2018 Volume 39 Issue 2 Pages 143-147
Lennox-Gastaut syndrome(LGS)is a disease characterized by refractory epileptic seizures and mental retardation. Anesthetic management problems include prevention of epileptic seizures and attention to the interaction between anesthetics and internal medications. We report the anesthetic management of a patient with LGS with propofol alone.

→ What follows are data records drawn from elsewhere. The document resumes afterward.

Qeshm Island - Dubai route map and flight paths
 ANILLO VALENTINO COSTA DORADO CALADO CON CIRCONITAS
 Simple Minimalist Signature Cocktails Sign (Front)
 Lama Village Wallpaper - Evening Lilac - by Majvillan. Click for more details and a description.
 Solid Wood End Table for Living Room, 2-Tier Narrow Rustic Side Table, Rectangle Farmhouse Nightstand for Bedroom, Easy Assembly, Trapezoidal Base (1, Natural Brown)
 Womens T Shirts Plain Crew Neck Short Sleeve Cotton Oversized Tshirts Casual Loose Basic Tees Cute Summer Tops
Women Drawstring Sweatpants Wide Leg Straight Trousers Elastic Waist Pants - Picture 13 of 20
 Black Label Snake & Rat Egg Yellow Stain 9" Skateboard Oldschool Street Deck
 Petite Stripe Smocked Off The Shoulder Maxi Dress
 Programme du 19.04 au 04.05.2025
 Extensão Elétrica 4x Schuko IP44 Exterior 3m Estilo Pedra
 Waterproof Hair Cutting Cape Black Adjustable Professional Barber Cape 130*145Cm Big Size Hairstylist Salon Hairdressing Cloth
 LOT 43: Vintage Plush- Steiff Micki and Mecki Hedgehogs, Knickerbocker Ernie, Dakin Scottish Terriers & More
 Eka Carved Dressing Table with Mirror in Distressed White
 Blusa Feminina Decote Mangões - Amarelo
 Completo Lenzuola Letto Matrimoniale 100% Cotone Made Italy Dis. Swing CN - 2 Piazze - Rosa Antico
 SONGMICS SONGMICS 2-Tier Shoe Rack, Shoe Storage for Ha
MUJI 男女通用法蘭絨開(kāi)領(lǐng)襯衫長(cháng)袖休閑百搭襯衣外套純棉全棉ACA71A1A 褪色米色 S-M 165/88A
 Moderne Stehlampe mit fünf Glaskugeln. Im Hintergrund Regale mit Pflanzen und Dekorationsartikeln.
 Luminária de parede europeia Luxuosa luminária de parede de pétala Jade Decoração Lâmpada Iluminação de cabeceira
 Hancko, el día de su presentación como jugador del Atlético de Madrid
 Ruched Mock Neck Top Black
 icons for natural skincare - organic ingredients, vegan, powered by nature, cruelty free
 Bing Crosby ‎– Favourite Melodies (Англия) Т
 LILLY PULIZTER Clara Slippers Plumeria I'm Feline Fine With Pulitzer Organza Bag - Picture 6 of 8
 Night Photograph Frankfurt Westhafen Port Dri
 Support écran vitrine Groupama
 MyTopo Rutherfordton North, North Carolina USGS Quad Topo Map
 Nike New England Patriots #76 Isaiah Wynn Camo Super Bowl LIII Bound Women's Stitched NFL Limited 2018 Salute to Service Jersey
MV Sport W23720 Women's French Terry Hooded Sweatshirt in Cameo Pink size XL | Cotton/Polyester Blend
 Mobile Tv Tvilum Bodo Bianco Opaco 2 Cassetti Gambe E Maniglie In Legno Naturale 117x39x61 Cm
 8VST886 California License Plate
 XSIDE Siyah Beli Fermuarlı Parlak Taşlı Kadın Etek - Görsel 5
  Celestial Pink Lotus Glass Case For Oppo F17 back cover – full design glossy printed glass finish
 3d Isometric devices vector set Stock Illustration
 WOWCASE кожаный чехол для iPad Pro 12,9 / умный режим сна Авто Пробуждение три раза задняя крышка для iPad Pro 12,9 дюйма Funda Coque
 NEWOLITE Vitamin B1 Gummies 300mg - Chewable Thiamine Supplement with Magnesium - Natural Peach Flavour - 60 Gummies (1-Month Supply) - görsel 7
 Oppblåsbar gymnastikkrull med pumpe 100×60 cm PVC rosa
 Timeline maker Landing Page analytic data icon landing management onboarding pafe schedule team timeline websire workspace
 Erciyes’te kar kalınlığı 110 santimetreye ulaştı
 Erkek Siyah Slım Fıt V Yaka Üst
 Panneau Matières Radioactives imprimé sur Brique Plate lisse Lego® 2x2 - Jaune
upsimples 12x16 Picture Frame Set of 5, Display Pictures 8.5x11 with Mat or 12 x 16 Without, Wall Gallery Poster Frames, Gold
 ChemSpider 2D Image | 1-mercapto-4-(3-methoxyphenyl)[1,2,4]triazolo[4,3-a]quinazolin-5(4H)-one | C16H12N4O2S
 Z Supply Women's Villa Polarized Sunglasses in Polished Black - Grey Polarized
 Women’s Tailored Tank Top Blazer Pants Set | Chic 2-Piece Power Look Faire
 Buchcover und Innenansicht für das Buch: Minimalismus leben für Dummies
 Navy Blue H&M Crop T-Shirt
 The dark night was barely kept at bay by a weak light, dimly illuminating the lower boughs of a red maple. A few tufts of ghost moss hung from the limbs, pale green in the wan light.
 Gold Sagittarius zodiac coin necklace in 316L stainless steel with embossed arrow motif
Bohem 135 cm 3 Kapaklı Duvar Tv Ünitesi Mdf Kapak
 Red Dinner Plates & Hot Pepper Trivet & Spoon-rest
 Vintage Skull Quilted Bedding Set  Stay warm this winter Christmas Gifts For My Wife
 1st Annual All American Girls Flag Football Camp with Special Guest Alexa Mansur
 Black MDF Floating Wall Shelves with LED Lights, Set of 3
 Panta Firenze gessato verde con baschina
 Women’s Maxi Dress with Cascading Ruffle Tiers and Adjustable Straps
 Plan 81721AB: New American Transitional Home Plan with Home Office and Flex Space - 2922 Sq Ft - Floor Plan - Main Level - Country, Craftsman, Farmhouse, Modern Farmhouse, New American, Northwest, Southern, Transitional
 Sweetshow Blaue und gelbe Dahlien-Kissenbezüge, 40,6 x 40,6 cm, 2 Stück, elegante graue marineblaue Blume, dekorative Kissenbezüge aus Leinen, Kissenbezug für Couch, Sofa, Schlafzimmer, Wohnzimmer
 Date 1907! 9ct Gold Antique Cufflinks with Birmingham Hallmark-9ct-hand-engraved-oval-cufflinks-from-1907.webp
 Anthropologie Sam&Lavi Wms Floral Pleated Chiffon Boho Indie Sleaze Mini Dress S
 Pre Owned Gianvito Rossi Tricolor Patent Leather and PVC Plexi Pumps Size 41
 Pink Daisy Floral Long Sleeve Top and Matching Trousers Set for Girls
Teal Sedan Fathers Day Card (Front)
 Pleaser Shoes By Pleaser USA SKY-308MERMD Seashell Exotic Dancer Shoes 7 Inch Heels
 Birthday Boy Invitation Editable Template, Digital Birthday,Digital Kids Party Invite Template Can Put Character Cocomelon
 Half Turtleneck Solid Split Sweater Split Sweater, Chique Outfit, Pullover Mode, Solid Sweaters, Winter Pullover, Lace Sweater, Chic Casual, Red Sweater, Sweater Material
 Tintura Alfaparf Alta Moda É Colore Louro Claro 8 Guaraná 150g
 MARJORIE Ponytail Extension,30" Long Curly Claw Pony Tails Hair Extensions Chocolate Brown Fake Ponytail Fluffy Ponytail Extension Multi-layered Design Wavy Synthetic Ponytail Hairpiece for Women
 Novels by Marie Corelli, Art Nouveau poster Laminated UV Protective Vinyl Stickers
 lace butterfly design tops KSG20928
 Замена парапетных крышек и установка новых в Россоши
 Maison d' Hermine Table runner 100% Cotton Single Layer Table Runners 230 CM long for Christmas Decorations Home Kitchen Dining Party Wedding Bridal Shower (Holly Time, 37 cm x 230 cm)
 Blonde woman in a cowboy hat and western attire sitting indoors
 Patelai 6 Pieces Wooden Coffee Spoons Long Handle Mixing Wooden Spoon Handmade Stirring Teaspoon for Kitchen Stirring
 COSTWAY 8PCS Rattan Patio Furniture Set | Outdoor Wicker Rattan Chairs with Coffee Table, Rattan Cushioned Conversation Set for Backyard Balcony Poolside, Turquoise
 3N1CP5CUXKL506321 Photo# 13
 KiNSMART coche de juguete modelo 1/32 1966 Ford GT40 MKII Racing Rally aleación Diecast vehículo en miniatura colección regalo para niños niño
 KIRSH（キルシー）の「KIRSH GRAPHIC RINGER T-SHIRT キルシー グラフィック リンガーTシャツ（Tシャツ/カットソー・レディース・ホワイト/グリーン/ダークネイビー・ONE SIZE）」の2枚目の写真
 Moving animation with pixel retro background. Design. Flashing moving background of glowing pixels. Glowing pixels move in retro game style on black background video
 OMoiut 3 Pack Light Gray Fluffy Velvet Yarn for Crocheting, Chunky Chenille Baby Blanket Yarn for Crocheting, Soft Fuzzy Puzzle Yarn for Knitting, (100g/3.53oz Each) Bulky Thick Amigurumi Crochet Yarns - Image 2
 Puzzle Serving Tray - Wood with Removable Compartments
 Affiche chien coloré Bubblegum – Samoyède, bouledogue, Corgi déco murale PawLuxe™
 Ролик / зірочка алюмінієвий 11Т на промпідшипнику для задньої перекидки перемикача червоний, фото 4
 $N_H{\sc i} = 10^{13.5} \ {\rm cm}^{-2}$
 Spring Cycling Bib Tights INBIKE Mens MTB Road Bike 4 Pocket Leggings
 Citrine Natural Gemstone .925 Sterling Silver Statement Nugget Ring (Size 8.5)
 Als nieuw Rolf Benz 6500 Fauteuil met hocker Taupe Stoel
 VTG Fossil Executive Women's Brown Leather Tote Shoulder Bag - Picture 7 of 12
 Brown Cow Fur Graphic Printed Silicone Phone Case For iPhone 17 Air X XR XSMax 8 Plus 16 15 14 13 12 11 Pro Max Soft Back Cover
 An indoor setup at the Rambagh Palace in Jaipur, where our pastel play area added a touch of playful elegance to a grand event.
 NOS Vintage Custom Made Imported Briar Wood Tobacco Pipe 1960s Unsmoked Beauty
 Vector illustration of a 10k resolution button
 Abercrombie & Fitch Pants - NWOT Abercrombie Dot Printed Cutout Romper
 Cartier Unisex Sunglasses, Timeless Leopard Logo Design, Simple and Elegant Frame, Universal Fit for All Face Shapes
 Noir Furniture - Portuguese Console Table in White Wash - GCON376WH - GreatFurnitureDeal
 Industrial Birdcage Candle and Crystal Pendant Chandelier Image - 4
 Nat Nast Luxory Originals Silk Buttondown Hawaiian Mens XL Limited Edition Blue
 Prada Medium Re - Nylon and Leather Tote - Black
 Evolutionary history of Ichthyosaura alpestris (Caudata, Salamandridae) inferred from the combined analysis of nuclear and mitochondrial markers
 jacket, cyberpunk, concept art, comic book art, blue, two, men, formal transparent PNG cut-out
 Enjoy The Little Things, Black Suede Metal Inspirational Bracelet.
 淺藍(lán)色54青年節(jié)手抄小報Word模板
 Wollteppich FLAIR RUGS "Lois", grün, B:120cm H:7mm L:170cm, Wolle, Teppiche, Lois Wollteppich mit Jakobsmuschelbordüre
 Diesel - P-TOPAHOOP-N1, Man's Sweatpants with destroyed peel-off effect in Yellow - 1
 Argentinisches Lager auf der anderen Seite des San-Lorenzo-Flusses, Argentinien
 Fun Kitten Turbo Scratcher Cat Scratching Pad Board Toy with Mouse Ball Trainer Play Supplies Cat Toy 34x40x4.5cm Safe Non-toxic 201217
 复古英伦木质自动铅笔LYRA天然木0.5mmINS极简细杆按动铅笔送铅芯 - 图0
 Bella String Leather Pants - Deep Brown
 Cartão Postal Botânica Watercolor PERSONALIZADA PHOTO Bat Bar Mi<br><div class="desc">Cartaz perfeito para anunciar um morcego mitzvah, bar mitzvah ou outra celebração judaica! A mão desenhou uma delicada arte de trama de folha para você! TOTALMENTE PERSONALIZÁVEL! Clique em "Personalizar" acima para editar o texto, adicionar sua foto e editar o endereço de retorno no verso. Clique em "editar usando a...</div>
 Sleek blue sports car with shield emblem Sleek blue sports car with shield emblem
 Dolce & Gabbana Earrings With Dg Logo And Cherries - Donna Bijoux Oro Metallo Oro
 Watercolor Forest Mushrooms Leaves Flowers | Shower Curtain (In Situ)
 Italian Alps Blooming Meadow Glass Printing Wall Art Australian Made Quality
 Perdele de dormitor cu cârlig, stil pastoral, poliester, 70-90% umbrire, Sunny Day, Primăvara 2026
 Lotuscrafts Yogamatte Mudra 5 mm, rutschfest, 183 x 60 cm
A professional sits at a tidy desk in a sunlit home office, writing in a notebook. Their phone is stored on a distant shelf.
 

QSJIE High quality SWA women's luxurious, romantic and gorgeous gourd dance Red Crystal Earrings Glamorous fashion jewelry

The patient was a 43-year-old female who had been diagnosed with LGS at 2 years of age. Her concurrent medications included carbamazepine, clobazam, topiramate and rufinamide daily. A dental procedure under intravenous sedation was planned because of difficulty of retaining oral opening.
The patient experienced a small seizure before the first anesthesia, and was feeling sleepy before induction. A 20-mg dose of propofol was administered and sedation maintained at 4 mg/kg/h such that the BIS value was 60-70. Significant hemodynamic changes and respiratory depression were not observed during the operation. She was awake on the second occasion and a 50-mg dose of propofol was administered;sedation was maintained at 2-6 mg/kg/h such that the BIS value was 40-60. Epileptic seizures were not observed on either occasion.
Benzodiazepines(BZ)are effective in preventing epileptic seizures, and this patient was on clobazam therapy. Flumazenil, a BZ antagonist, acts by competitively inhibiting BZ binding to the GABAA receptor. When such patients are sedated with BZ and delay in arousal occurs, administration of flumazenil may decrease the efficacy of clobazam and precipitate a seizure. Therefore, only propofol with a short context-sensitive half-time was used in this case, and the patient was maintained under deep sedation to prevent the occurrence of a seizure. The BIS monitor, which measures sedation degree, is also useful for anesthesia management of epilepsy patients who have difficulty communicating because it continuously monitors brain waves.